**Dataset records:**
**********
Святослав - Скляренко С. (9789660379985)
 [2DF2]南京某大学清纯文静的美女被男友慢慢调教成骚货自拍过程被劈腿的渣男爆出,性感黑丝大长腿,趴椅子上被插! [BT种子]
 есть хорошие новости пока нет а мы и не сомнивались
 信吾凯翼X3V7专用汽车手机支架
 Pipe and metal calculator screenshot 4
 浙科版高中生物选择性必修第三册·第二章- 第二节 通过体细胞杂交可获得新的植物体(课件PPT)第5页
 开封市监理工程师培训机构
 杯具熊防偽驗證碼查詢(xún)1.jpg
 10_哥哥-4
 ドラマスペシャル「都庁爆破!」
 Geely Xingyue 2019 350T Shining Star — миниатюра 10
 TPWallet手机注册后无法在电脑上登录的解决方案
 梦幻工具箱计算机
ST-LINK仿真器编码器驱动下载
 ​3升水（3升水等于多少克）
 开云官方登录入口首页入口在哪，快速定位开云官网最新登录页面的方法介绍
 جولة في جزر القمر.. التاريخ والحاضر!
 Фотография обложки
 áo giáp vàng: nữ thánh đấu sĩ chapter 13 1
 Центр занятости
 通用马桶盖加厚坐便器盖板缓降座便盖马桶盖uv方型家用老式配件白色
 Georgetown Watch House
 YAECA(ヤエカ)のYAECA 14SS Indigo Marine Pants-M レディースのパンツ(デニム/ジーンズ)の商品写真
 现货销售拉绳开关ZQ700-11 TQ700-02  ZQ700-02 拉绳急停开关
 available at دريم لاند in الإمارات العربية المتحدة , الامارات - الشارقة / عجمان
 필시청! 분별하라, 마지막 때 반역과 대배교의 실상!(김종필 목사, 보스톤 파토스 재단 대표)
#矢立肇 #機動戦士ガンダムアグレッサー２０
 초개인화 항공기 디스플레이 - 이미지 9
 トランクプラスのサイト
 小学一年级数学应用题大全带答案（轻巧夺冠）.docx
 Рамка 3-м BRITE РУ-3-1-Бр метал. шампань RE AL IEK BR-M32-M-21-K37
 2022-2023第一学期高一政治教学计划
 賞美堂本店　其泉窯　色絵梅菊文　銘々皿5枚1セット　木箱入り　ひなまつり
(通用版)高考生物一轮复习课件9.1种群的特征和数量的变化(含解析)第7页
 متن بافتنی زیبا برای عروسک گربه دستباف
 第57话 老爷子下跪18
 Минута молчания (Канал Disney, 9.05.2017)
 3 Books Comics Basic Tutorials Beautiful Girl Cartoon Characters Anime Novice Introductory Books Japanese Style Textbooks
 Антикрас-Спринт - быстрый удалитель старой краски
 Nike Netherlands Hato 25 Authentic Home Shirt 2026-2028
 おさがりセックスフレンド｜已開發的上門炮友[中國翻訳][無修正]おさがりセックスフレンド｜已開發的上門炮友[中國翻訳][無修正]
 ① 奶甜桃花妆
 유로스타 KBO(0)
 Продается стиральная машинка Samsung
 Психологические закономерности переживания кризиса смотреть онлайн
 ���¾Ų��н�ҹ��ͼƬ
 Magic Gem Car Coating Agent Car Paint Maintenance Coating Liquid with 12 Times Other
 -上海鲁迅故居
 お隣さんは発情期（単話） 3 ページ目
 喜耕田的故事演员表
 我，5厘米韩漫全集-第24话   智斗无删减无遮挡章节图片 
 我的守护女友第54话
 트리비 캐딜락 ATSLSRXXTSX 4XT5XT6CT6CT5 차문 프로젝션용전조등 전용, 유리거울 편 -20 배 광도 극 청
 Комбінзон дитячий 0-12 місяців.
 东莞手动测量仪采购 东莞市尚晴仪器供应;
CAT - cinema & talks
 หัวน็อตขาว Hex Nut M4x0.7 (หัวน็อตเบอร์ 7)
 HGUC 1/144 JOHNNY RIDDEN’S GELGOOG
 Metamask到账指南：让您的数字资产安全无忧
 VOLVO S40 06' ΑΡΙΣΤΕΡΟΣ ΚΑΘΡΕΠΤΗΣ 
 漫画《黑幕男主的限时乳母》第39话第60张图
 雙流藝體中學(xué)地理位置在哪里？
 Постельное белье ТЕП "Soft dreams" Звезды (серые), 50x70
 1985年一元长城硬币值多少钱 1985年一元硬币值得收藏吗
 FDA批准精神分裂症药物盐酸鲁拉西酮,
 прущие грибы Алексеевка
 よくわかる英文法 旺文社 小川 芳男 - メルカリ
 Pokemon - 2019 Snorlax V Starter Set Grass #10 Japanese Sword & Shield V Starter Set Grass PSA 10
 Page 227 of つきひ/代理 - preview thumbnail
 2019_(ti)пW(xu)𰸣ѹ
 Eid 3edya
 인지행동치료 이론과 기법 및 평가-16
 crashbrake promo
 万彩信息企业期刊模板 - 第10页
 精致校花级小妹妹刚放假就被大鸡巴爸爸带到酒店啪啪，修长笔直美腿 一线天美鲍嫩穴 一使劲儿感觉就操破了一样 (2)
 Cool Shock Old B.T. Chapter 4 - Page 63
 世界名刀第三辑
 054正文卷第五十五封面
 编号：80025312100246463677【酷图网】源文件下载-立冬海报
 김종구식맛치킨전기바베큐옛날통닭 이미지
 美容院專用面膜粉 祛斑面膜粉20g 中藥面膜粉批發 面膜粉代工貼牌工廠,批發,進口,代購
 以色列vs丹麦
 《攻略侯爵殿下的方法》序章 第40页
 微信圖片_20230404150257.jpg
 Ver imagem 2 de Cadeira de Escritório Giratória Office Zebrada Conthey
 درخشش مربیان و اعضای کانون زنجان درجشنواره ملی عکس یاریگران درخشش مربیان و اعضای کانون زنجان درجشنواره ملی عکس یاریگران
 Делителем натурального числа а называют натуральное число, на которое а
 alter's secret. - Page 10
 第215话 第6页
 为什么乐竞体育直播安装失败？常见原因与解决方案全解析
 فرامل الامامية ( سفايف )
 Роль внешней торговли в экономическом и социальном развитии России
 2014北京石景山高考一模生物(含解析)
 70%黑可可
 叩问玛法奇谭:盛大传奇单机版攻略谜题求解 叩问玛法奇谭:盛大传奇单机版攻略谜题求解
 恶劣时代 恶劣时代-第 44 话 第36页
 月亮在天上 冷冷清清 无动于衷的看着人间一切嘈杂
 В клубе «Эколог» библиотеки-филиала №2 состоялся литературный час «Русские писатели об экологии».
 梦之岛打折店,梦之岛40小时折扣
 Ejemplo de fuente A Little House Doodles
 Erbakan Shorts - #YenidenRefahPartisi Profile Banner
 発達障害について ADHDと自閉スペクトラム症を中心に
**********
**TASK REQUIREMENTS:** Each record above should be transcribed exactly.

**SOLUTION TO THIS TASK:**
Святослав - Скляренко С. (9789660379985)
 [2DF2]南京某大学清纯文静的美女被男友慢慢调教成骚货自拍过程被劈腿的渣男爆出,性感黑丝大长腿,趴椅子上被插! [BT种子]
 есть хорошие новости пока нет а мы и не сомнивались
 信吾凯翼X3V7专用汽车手机支架
 Pipe and metal calculator screenshot 4
 浙科版高中生物选择性必修第三册·第二章- 第二节 通过体细胞杂交可获得新的植物体(课件PPT)第5页
 开封市监理工程师培训机构
 杯具熊防偽驗證碼查詢(xún)1.jpg
 10_哥哥-4
 ドラマスペシャル「都庁爆破!」
 Geely Xingyue 2019 350T Shining Star — миниатюра 10
 TPWallet手机注册后无法在电脑上登录的解决方案
 梦幻工具箱计算机
ST-LINK仿真器编码器驱动下载
 ​3升水（3升水等于多少克）
 开云官方登录入口首页入口在哪，快速定位开云官网最新登录页面的方法介绍
 جولة في جزر القمر.. التاريخ والحاضر!
 Фотография обложки
 áo giáp vàng: nữ thánh đấu sĩ chapter 13 1
 Центр занятости
 通用马桶盖加厚坐便器盖板缓降座便盖马桶盖uv方型家用老式配件白色
 Georgetown Watch House
 YAECA(ヤエカ)のYAECA 14SS Indigo Marine Pants-M レディースのパンツ(デニム/ジーンズ)の商品写真
 现货销售拉绳开关ZQ700-11 TQ700-02  ZQ700-02 拉绳急停开关
 available at دريم لاند in الإمارات العربية المتحدة , الامارات - الشارقة / عجمان
 필시청! 분별하라, 마지막 때 반역과 대배교의 실상!(김종필 목사, 보스톤 파토스 재단 대표)
#矢立肇 #機動戦士ガンダムアグレッサー２０
 초개인화 항공기 디스플레이 - 이미지 9
 トランクプラスのサイト
 小学一年级数学应用题大全带答案（轻巧夺冠）.docx
 Рамка 3-м BRITE РУ-3-1-Бр метал. шампань RE AL IEK BR-M32-M-21-K37
 2022-2023第一学期高一政治教学计划
 賞美堂本店　其泉窯　色絵梅菊文　銘々皿5枚1セット　木箱入り　ひなまつり
(通用版)高考生物一轮复习课件9.1种群的特征和数量的变化(含解析)第7页
 متن بافتنی زیبا برای عروسک گربه دستباف
 第57话 老爷子下跪18
 Минута молчания (Канал Disney, 9.05.2017)
 3 Books Comics Basic Tutorials Beautiful Girl Cartoon Characters Anime Novice Introductory Books Japanese Style Textbooks
 Антикрас-Спринт - быстрый удалитель старой краски
 Nike Netherlands Hato 25 Authentic Home Shirt 2026-2028
 おさがりセックスフレンド｜已開發的上門炮友[中國翻訳][無修正]おさがりセックスフレンド｜已開發的上門炮友[中國翻訳][無修正]
 ① 奶甜桃花妆
 유로스타 KBO(0)
 Продается стиральная машинка Samsung
 Психологические закономерности переживания кризиса смотреть онлайн
 ���¾Ų��н�ҹ��ͼƬ
 Magic Gem Car Coating Agent Car Paint Maintenance Coating Liquid with 12 Times Other
 -上海鲁迅故居
 お隣さんは発情期（単話） 3 ページ目
 喜耕田的故事演员表
 我，5厘米韩漫全集-第24话   智斗无删减无遮挡章节图片 
 我的守护女友第54话
 트리비 캐딜락 ATSLSRXXTSX 4XT5XT6CT6CT5 차문 프로젝션용전조등 전용, 유리거울 편 -20 배 광도 극 청
 Комбінзон дитячий 0-12 місяців.
 东莞手动测量仪采购 东莞市尚晴仪器供应;
CAT - cinema & talks
 หัวน็อตขาว Hex Nut M4x0.7 (หัวน็อตเบอร์ 7)
 HGUC 1/144 JOHNNY RIDDEN’S GELGOOG
 Metamask到账指南：让您的数字资产安全无忧
 VOLVO S40 06' ΑΡΙΣΤΕΡΟΣ ΚΑΘΡΕΠΤΗΣ 
 漫画《黑幕男主的限时乳母》第39话第60张图
 雙流藝體中學(xué)地理位置在哪里？
 Постельное белье ТЕП "Soft dreams" Звезды (серые), 50x70
 1985年一元长城硬币值多少钱 1985年一元硬币值得收藏吗
 FDA批准精神分裂症药物盐酸鲁拉西酮,
 прущие грибы Алексеевка
 よくわかる英文法 旺文社 小川 芳男 - メルカリ
 Pokemon - 2019 Snorlax V Starter Set Grass #10 Japanese Sword & Shield V Starter Set Grass PSA 10
 Page 227 of つきひ/代理 - preview thumbnail
 2019_(ti)пW(xu)𰸣ѹ
 Eid 3edya
 인지행동치료 이론과 기법 및 평가-16
 crashbrake promo
 万彩信息企业期刊模板 - 第10页
 精致校花级小妹妹刚放假就被大鸡巴爸爸带到酒店啪啪，修长笔直美腿 一线天美鲍嫩穴 一使劲儿感觉就操破了一样 (2)
 Cool Shock Old B.T. Chapter 4 - Page 63
 世界名刀第三辑
 054正文卷第五十五封面
 编号：80025312100246463677【酷图网】源文件下载-立冬海报
 김종구식맛치킨전기바베큐옛날통닭 이미지
 美容院專用面膜粉 祛斑面膜粉20g 中藥面膜粉批發 面膜粉代工貼牌工廠,批發,進口,代購
 以色列vs丹麦
 《攻略侯爵殿下的方法》序章 第40页
 微信圖片_20230404150257.jpg
 Ver imagem 2 de Cadeira de Escritório Giratória Office Zebrada Conthey
 درخشش مربیان و اعضای کانون زنجان درجشنواره ملی عکس یاریگران درخشش مربیان و اعضای کانون زنجان درجشنواره ملی عکس یاریگران
 Делителем натурального числа а называют натуральное число, на которое а
 alter's secret. - Page 10
 第215话 第6页
 为什么乐竞体育直播安装失败？常见原因与解决方案全解析
 فرامل الامامية ( سفايف )
 Роль внешней торговли в экономическом и социальном развитии России
 2014北京石景山高考一模生物(含解析)
 70%黑可可
 叩问玛法奇谭:盛大传奇单机版攻略谜题求解 叩问玛法奇谭:盛大传奇单机版攻略谜题求解
 恶劣时代 恶劣时代-第 44 话 第36页
 月亮在天上 冷冷清清 无动于衷的看着人间一切嘈杂
 В клубе «Эколог» библиотеки-филиала №2 состоялся литературный час «Русские писатели об экологии».
 梦之岛打折店,梦之岛40小时折扣
 Ejemplo de fuente A Little House Doodles
 Erbakan Shorts - #YenidenRefahPartisi Profile Banner
 発達障害について ADHDと自閉スペクトラム症を中心に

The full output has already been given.